[Exercise objective]:
Starting with the line that contains "Pakiet szkolny Pixel", give again exactly and only each line through the end of the records; include the last line and exclude pictures.

Data extracted from a collection
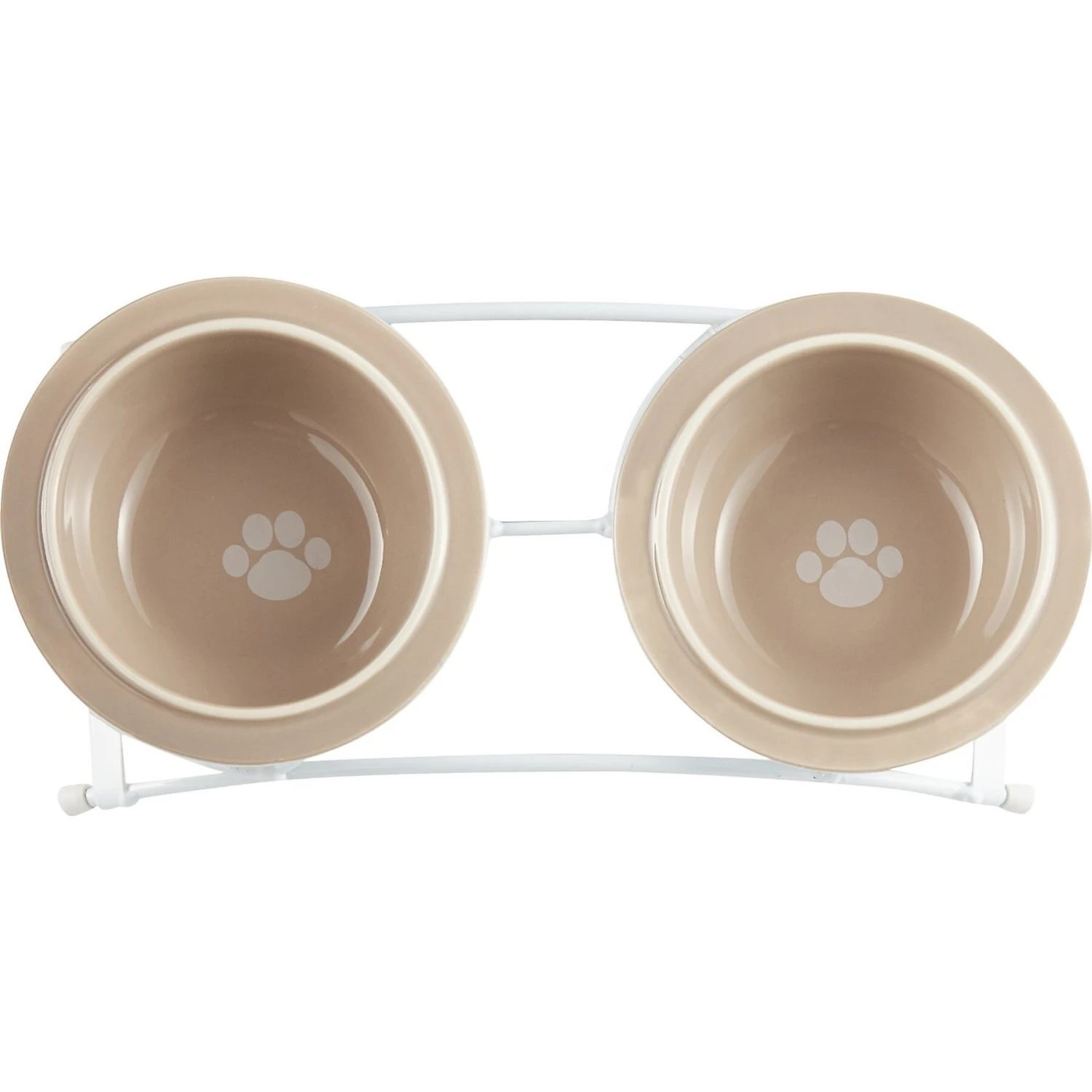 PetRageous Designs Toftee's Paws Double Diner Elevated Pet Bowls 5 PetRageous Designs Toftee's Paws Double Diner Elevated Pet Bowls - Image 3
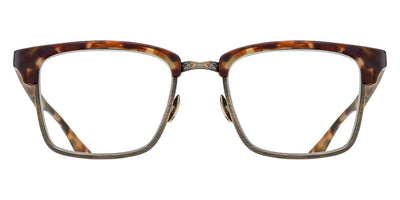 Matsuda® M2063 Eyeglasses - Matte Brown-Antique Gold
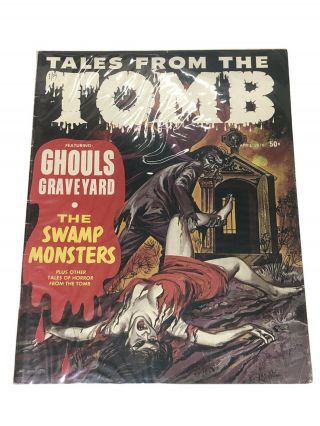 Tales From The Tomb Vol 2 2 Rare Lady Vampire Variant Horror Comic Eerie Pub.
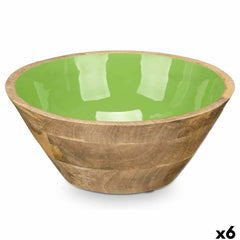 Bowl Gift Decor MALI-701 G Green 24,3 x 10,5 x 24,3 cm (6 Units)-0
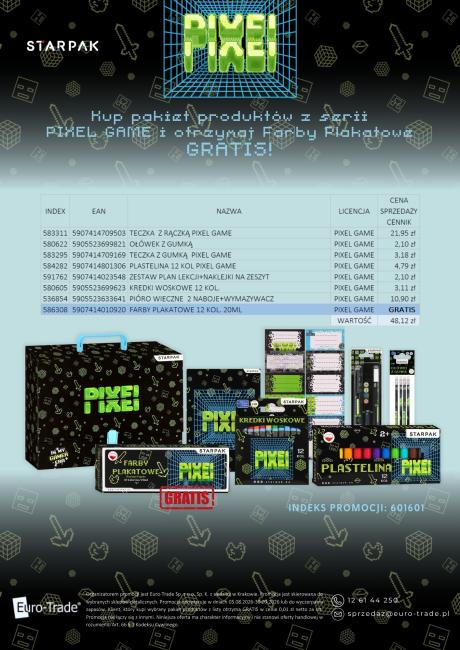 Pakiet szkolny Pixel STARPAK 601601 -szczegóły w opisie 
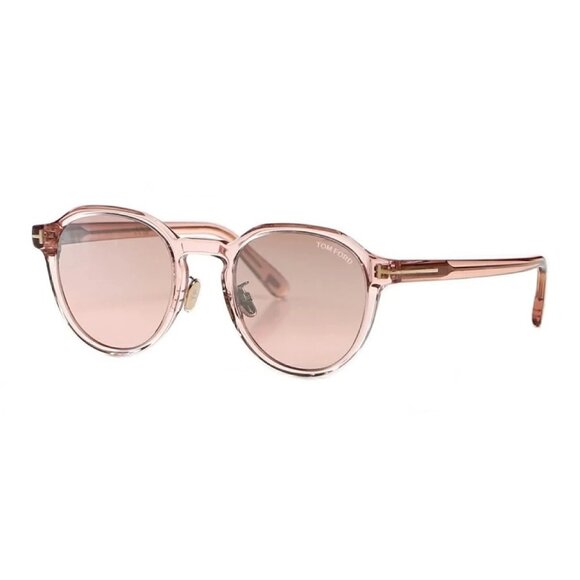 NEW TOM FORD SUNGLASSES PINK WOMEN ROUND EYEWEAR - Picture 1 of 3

[Answer to the exercise]:
 Pakiet szkolny Pixel STARPAK 601601 -szczegóły w opisie 
 NEW TOM FORD SUNGLASSES PINK WOMEN ROUND EYEWEAR - Picture 1 of 3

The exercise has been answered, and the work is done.